Leon C. Collins is a media executive, media educator, producer/director, script writer, and photographic artist.

==Biography==

Leon Collins was born in Washington, DC, on May 20, 1949. He received his Master of Arts degree from Antioch College in 1976. His Masters thesis was entitled “Black perspectives – Inner reality of visual thinking”.

In 1969, Collins was selected to become an intern at WETA-TV PBS in Washington, DC, during his junior year at Howard University, majoring in cinematography and television production. Leon, eventually became president of the National Association of Blacks in Public Broadcasting while working at the University of Houston.

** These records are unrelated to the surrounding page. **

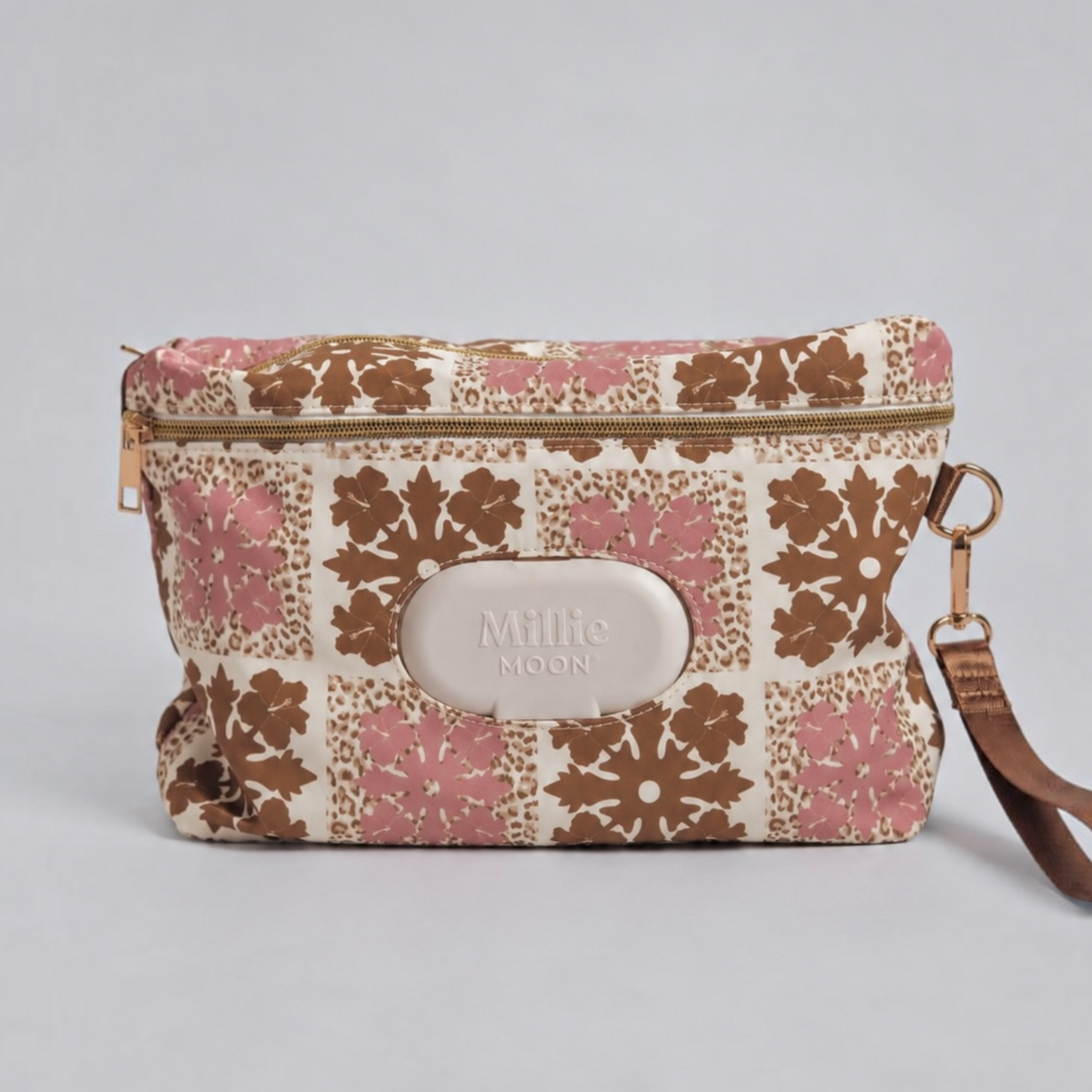 Wipes Clutch: Cheetah Quilt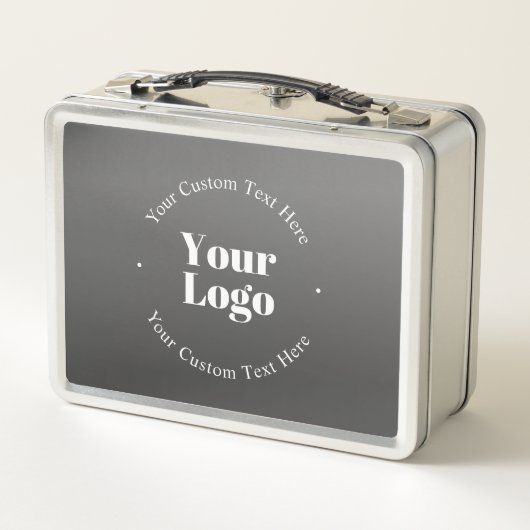 Lunch Box Logo d'entreprise ou design & texte modifiable (Dos)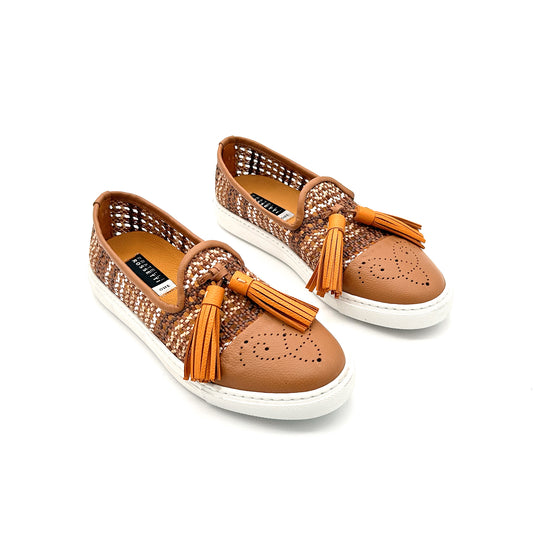 FRATELLI ROSSETTI Slip On Hobo Intrecciate Pelle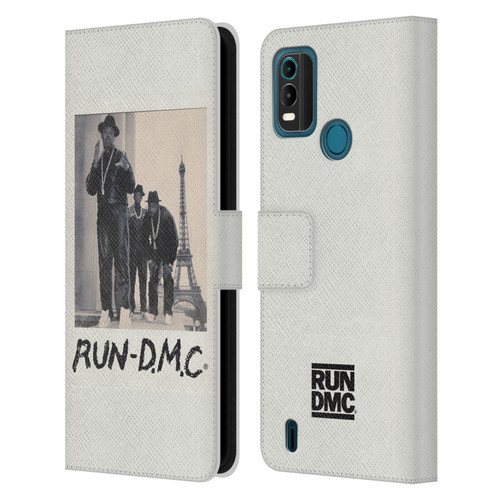 Run-D.M.C. Key Art Polaroid Leather Book Wallet Case Cover For Nokia G11 Plus
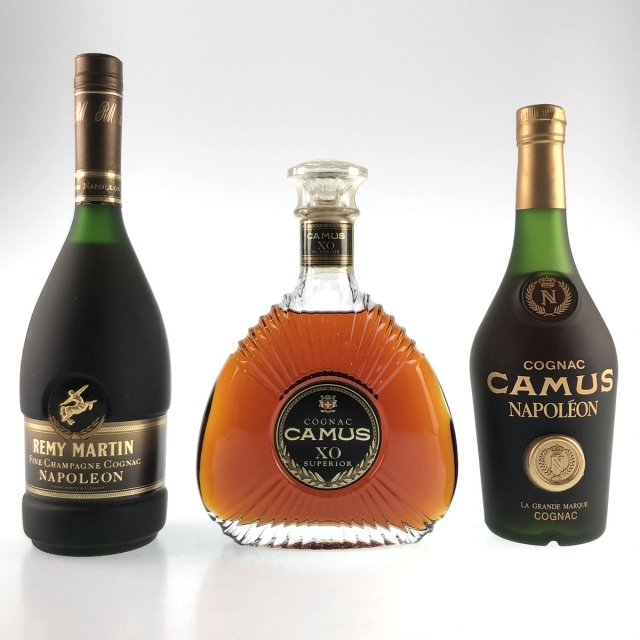 3本 REMY MARTIN CAMUS コニャック食品/飲料/酒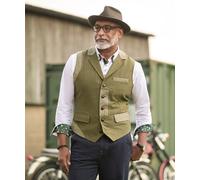 Joe Browns Men's Striped Waistcoat, Olive, 38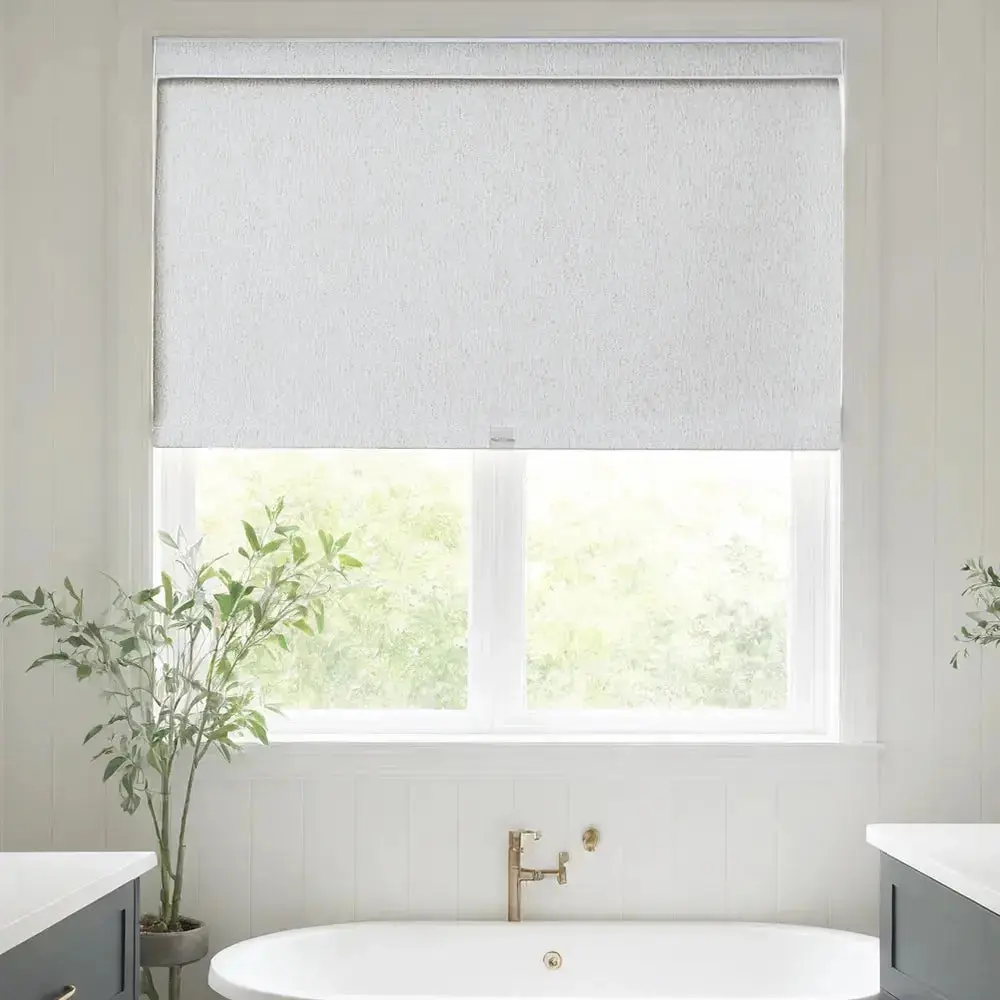Alvin Linen Blend Cordless Roller Shades - Image 15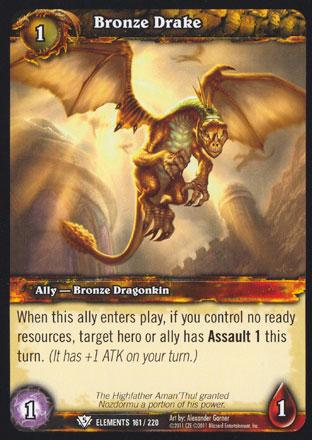 World of Warcraft TCG | Bronze Drake - War of the Elements 161/220 | The Nerd Merchant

For over three decades, Collins has held a variety of leadership and consulting positions, domestically and internationally with non governmental organizations, public broadcasting, and commercial broadcasting and community radio stations. These positions involved working with the following institutions: Executive Producer, iMichigan Productions; Director, Education and Leadership Programs, The Phelps Stokes Fund; Member PBS Board of Directors; General Manager, University of Michigan Public Broadcasting TV 28 PBS; Consultant, KQED TV PBS; Executive Director of Broadcasting, University of Houston PBS; Vice President, General Manager WPFW FM radio in Washington, DC; Production Consultant, WLII TV Lorimar Telepictures in Puerto Rico; and Station Manager WTJX TV PBS in the US Virgin Islands.

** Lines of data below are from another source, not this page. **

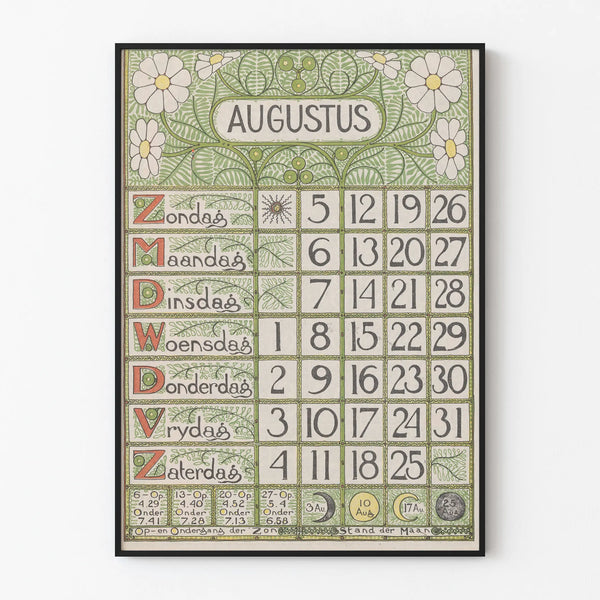 kalenderblad-augustus-1900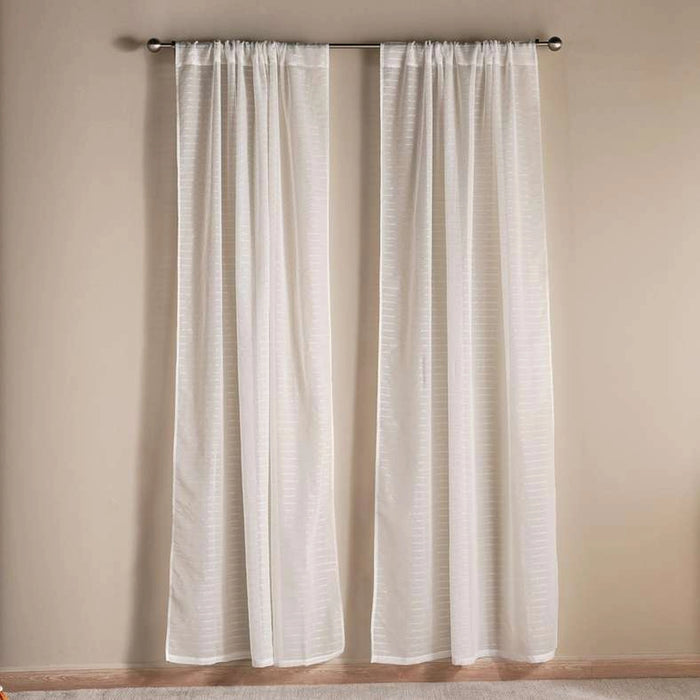 Trossa 2 Piece Sheer Curtain Set 135X300Cm - White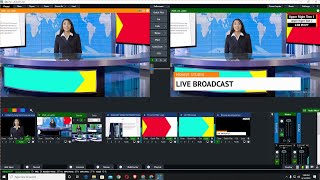 NEWS BROADCAST USING VMIX 26 amp SINGULAR LIVE TITLER [upl. by Liartnod]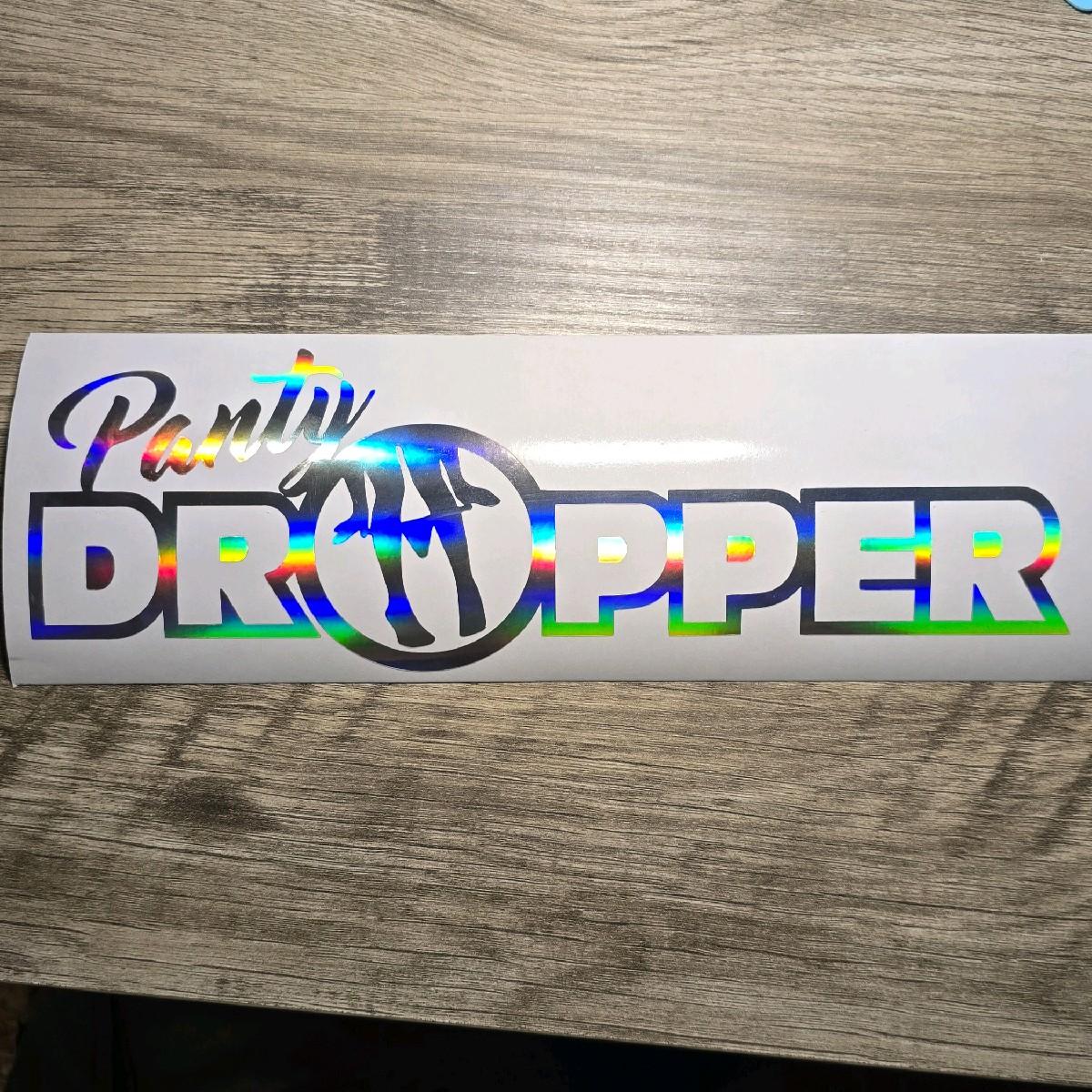 Panty dropper decal for cars and truck windows bumper sticker funny decal stickers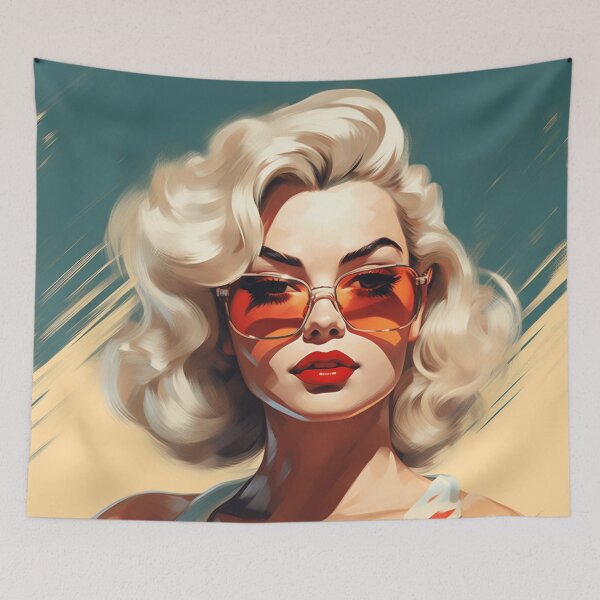 Item preview, A Vintage Blonde Pin Up Girl Illustration designed and sold by GoodOldVintage.
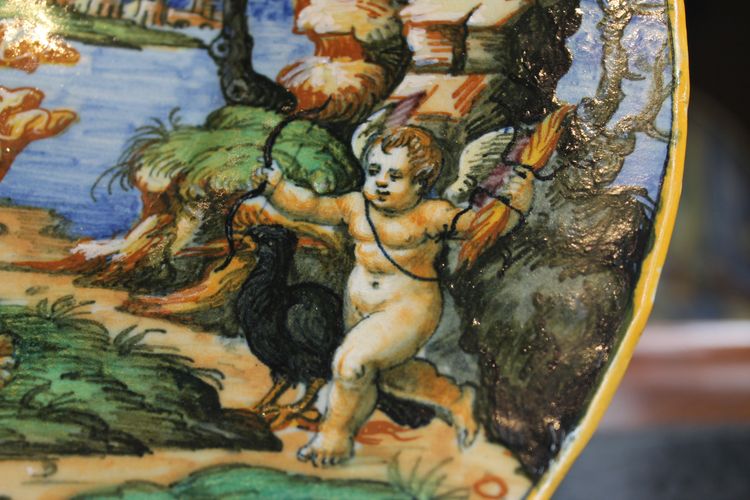 Cup with Zeus as satyr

A recent leadership position was with The Phelps Stokes Fund, which is North America's oldest continuously operating foundation dedicated to Education for Human Development in Africa, the African Diaspora in the Americas, and indigenous communities in the Americas. Leon's assignment with the Fund included working with board members, elected officials, members of the United States Congress, faith based organizations, members of the press, consultants, graphic artists, IT web designers and other stakeholders. His portfolio included five programs, which required working with domestic foundations, individual donors for educational programs, and the United States Agency for International Development and its contractors. A training program was developed and implemented for producing radio programs, which were broadcast to community radio stations and the United Nations Mission in Liberia Radio (UNMIL) that reached over three million people. The produced community radio programs focused on media literacy, gender issues, health, HIV/AIDS, malaria, and overall empowerment of women, girls and children in Liberia, West Africa.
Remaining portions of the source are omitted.